PPS. doc changes are missing...

- Heikki


Re: pgsql: Fast promote mode skips checkpoint at end of recovery.

От
Simon Riggs
Дата:
On 29 January 2013 12:19, Heikki Linnakangas <hlinnakangas@vmware.com> wrote:

> You might want to bring the database up ASAP after restoring. If the user
> requests that, the system shouldn't second-guess that.

In later releases we can relax further, if that is justified. I call
this acting conservatively in the interests of robustness.

> PS. I think the implicit judgment you made that "pg_ctl promote" is now the
> preferred method of promoting the server, over the trigger file method,
> needs more discussion. I'm not sure I agree with that, but if we do that,
> the docs should emphasize the pg_ctl promote more than the trigger file.
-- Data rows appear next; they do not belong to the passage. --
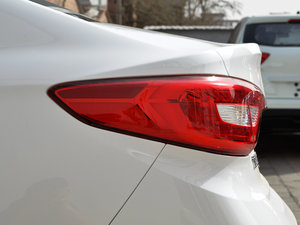 20152.4GDi TOPŞ (x)(ji)^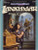 Prince of Lankhmar (Advanced Dungeon and Dragons Module LNA3)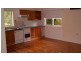 25 Walsh Crescent, North Nowra NSW 2541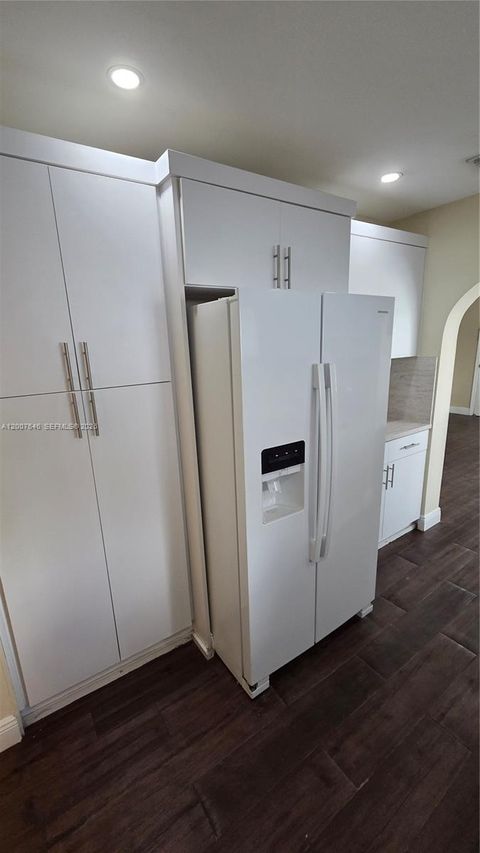 Tiny photo for 4795 E 8th Ct, Hialeah, FL 33013 (MLS # A12007546)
So why did you commit a second method?

> Also, I don't like conflating the shutdown mode argument with promotion mode
> either, in pg_ctl. Perhaps it would be best to revert this and take some
> more time to discuss the right behavior and user interface for this (if it
> needs one).

I don't think so. This was discussed on list. You are asking for
additional features, which I've explained why they aren't added by me.
We have time left to add them, but these minor points aren't more
important than other patches in the queue.

--
 Simon Riggs                   http://www.2ndQuadrant.com/
 PostgreSQL Development, 24x7 Support, Training & Services


Re: pgsql: Fast promote mode skips checkpoint at end of recovery.

От
Fujii Masao
Дата:
On Tue, Jan 29, 2013 at 9:07 AM, Simon Riggs <simon@2ndquadrant.com> wrote:
> Fast promote mode skips checkpoint at end of recovery.
> pg_ctl promote -m fast will skip the checkpoint at end of recovery so that we
> can achieve very fast failover when the apply delay is low. Write new WAL record
> XLOG_END_OF_RECOVERY to allow us to switch timeline correctly for downstream log
> readers. If we skip synchronous end of recovery checkpoint we request a normal
> spread checkpoint so that the window of re-recovery is low.

When I tested this feature, I encountered the following FATAL message.

    FATAL:  highest timeline 1 of the primary is behind recovery timeline 2

Is this an intentional behavior or bug? What I did in my test is:

1. Set up one master (A), one standby (B), one cascade standby (C)
2. After running pgbench -i -s 10, I promoted the standby (B) with fast mode
3. Then, I shut down the server (B) with immediate mode after it has been
    brought up to the master before end-of-recovery checkpoint has not been
    completed.
4. Restart the server (B).
5. After the standby (C) established the replication connection with (B),
    I got the above FATAL messages repeatedly.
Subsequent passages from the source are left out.